🌐 Distributed Document Processing¶

Overview¶

This guide explains how to set up and run distributed document processing for the RAG system across multiple nodes.

Distributed processing allows you to scale document indexing across multiple machines, significantly improving processing speed for large document collections.

The system uses Dask for distributed task scheduling and execution.

✅ Prerequisites¶

Before starting, make sure you have:

multiple machines/nodes with network connectivity
a Python environment on each node
access to a shared filesystem or the ability to copy files between nodes

🛠️ Setup Process¶

1. Prepare your configuration file¶

Check your processing configuration file, for example examples/process/config.yaml, and make sure it includes the distributed settings such as:

dispatcher_config:
  distributed: true
  scheduler_file: "/path/to/scheduler.json" 

The scheduler_file should point to a shared location accessible by all nodes.

Other important configuration options include:

input_folder: path to your documents
output_folder: xhere processed results will be stored
use_fast_processors: set to true for faster processing (may reduce accuracy)
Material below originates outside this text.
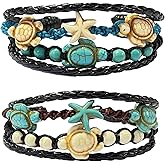 2Pcs Turtle Hemp and Starfish Cute Bracelet-Hawaiian Sea Turtle -Hemp Bracelet Adjustable Cord Jewelry Gifts for Mens Womens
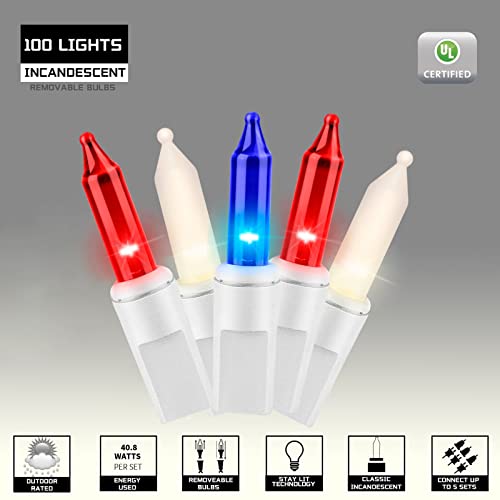 100LIGHTS RED White and Blue Extra (100 Count)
2. Install dependencies on all nodes¶

On each node, run:

# Clone the repository (if not already done)
git clone <repository-url>
cd mmore

# Make a virtual environment
uv venv .venv
source .venv/bin/activate

# Install dependencies
uv pip install -e .

3. Launch the distributed processing¶

Step 1: Start the master node (rank 0)¶

bash scripts/process_distributed.sh --config-file /path/to/config.yaml --rank 0

The master node will:

start the Dask scheduler
launch a worker process
prompt you to start the processing when ready

Step 2: Start worker nodes (rank > 0)¶

On each additional node, run:

bash scripts/process_distributed.sh --config-path /path/to/config.yaml --rank 1

Replace rank 1 with a unique rank number for each node (1, 2, 3, etc.).

The node should be ready within a few seconds.

Step 3: Begin processing¶

Once all nodes are running, return to the master node and type go.
The master node proceeds to crawl the input folder, split the workload among connected nodes and make them start their work.

At the end of processing, the dask server will be automatically shut down by the master node. This also stops the Dask workers on all the connected nodes.

📂 Output Structure¶

After processing completes, the output will be organized as follows:

output_folder/
├── processors/
│   ├── Processor_type_1/
│   │   └── results.jsonl
│   ├── Processor_type_2/
│   │   └── results.jsonl
│   └── ...
├── merged/
│   └── merged_results.jsonl
└── images/

🔧 Troubleshooting¶

Workers not connecting: ensure all nodes can access the scheduler file location
Processing errors: check logs ona the master node
Performance issues: adjust batch sizes and worker counts in the configuration

⚙️ Advanced Configuration¶

For optimal performance, consider adjusting:

processor batch sizes
number of threads per worker
memory limits for workers

Refer to Process for more details on configuration options.